萧景玄盯着那张地图,眉头紧锁:"这不是普通的搜捕。这是一个阵法——以搜索为掩护,实际上是在布阵。十七个点,连成一个圈,圈住圆心。这是……"
"困阵。"沈砚辞接话。他左臂的心镜微微发热,那些丝线网络正在缓慢搏动。"他们在城南布了一个困阵,试图将某样东西——或者某个人——困在阵中。"
"哑娘。"萧景玄的声音冷了下来。
"不止。"沈砚辞闭上眼,将心神沉入心镜。他能"看到"城南方向,无数根阴冷的能量丝线正在地下蔓延,交织成一个巨大的、碗状的网,将整个慈幼局区域笼罩其中。"他们在试图切断哑娘与龙脉的连接。天绣局的人,尤其是像哑娘这样与龙脉共鸣极深的人,一旦被切断连接,就会变成'它'的养料。"
青黛倒吸一口凉气:"那怎么办?哑娘她……她虽然转移了,但阵法已成,她只要还在城南,就逃不掉。"
萧景玄猛地站起身:"我们必须破阵。"
"不行。"沈砚辞也站了起来,声音冷静得可怕,"以我们现在的实力,硬闯困阵,等于送死。而且……"

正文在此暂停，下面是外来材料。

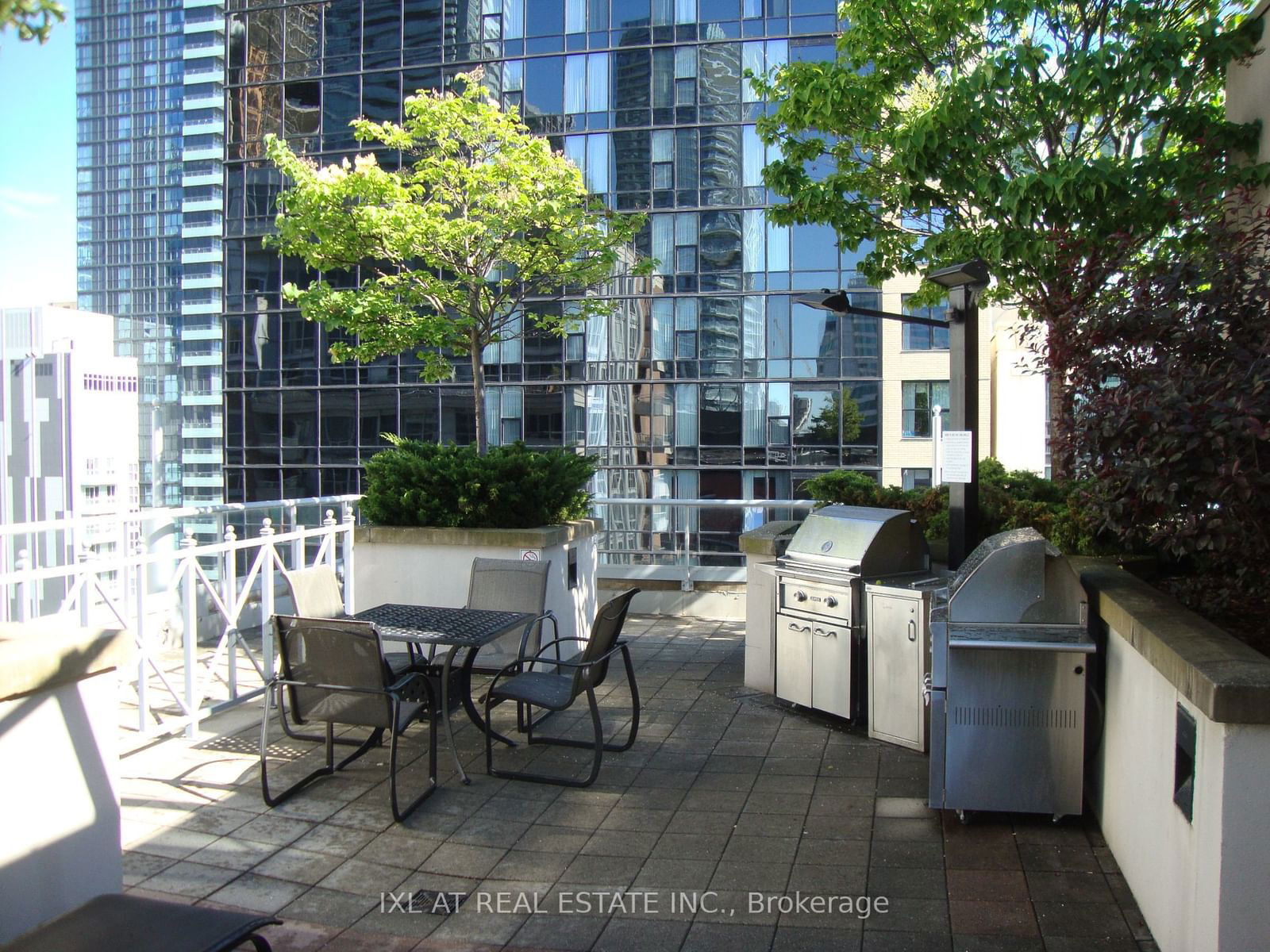 270 Wellington St W, unit 1122 for sale - image #31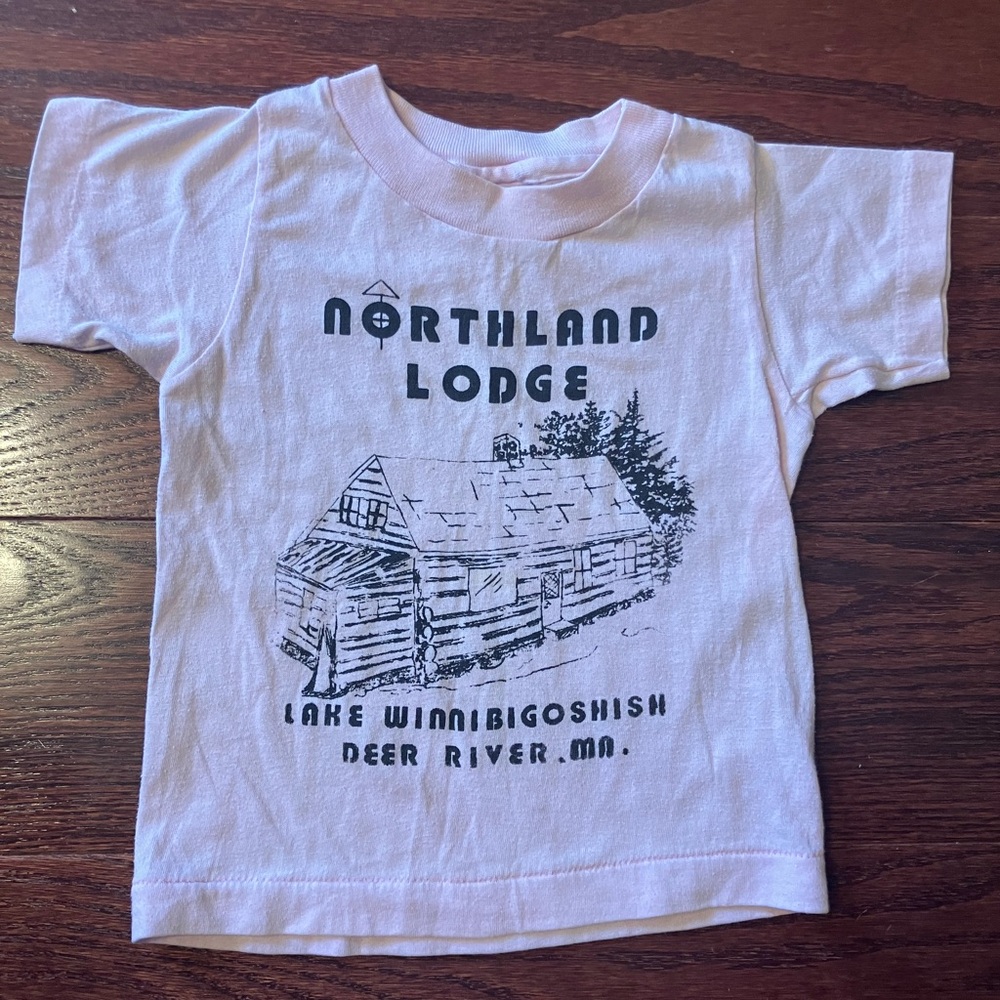 VTG kids Northland Lodge Lake Winnibigoshish Deer River MN T-Shirt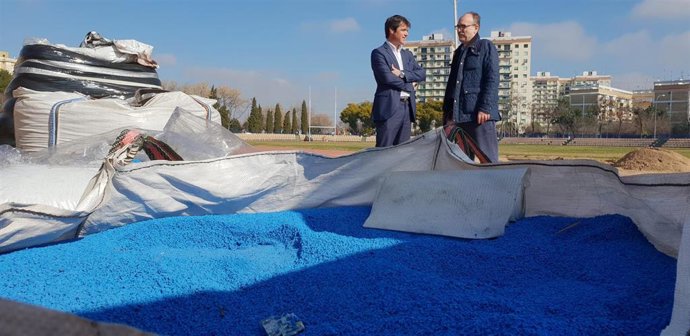 Obras para la nueva pista de atletismo del polideportivo San Pablo de Sevilla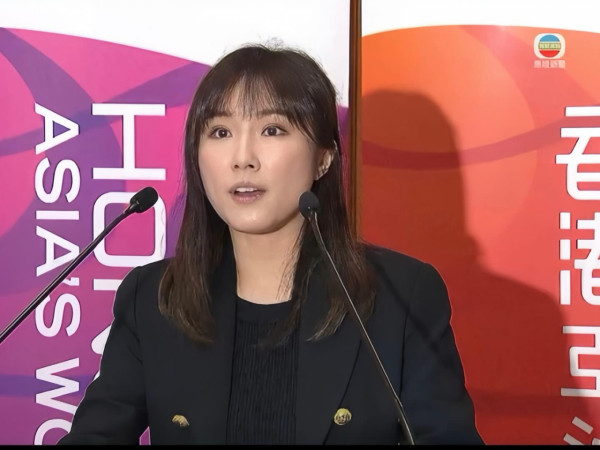 前港姐冠軍加入撲滅罪行委員會見傳媒 8億闊太淡出娛圈逾10年身兼多職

他看向萧景玄:"你有没有想过,'它'为什么要在城南布阵?"
萧景玄一愣。
"因为'它'在害怕。"沈砚辞的声音中,带着一种前所未有的笃定,"太子重伤,影巢阳火受创,'它'失去了最锋利的刀。而哑娘——她是天绣局旧部中,与龙脉共鸣最深的人之一。'它'怕她做什么?"
青黛的眼中闪过一丝明悟:"怕她……织补龙脉?"
"对。"沈砚辞点头,"'它'切断龙脉的计划,需要时间。而哑娘的存在,是唯一可能在这段时间内修复龙脉断裂点的人。所以'它'要趁太子养伤期间,先把哑娘解决掉。"
萧景玄沉默了片刻,忽然道:"那如果我们反过来呢?"
"什么?"
"如果'它'以为哑娘是目标,那我们就让哑娘成为诱饵。"萧景玄的眼中,闪过一丝锋利的寒光,"'它'布困阵,需要消耗力量。阵法一旦成型,短时间内无法移动。如果我们能在阵法完成之前,从内部——"
"从内部剪断一根线。"沈砚辞接话,左臂心镜上的丝线网络微微闪烁,"困阵的每一根线,都有节点。只要找到最薄弱的节点,一针剪断,整个阵法就会崩溃。"
青黛看着两人,眼中闪过一丝复杂的情绪:"你们……要进阵?"
"不是进阵。"沈砚辞摇头,"是'织'。用我的线,缝合阵法的裂痕,让'它'以为阵法还在运转,但实际上……哑娘已经不在里面了。"
萧景玄明白了他的意思:"你要在阵法内部,用自己的心镜'伪装'成哑娘与龙脉的连接,骗过'它'的感知?"
"对。这样'它'的阵法会继续运转,消耗力量,但实际上困住的是一团'假信号'。而真正的哑娘,可以趁机转移。"
青黛沉默了很久,才缓缓开口:"这个计划,风险极大。一旦'它'发现被骗,你的心镜会遭到反噬。而且……你需要进入城南,才能接触到阵法的节点。"
"我知道。"沈砚辞的声音平静而坚定,"但这是目前唯一的选择。"
萧景玄看着他,眼中闪过一丝担忧,但最终,他点了点头:"我陪你。"
"不。"沈砚辞摇头,"你留在这里。你的血脉金芒太显眼,一旦进入城南,会被'它'瞬间发现。我一个人去。"
"太危险了——"
"殿下。"沈砚辞打断他,目光直视萧景玄的眼睛,"这是织者的路。我必须自己走。"
萧景玄张了张嘴,最终没有再反驳。他只是沉默地伸出手,握住沈砚辞的手腕,将一丝金芒渡入他的体内。
"保重。"他只说了这两个字。
沈砚辞感受着手腕上那丝温暖的金芒,点了点头,转身走向门口。
推开房门,夜风扑面而来。城东的夜空,比城南更加漆黑,仿佛连星光都被某种力量吞噬了。
他拉了拉左臂的黑布,感受着心镜上那根暗红色的丝线正在缓缓搏动。那是萧景玄的血,也是他的第一根线。
现在,他需要织出第二根。
为了哑娘,为了龙脉,也为了——
他自己。
沈砚辞的身影,消失在城东的夜色中。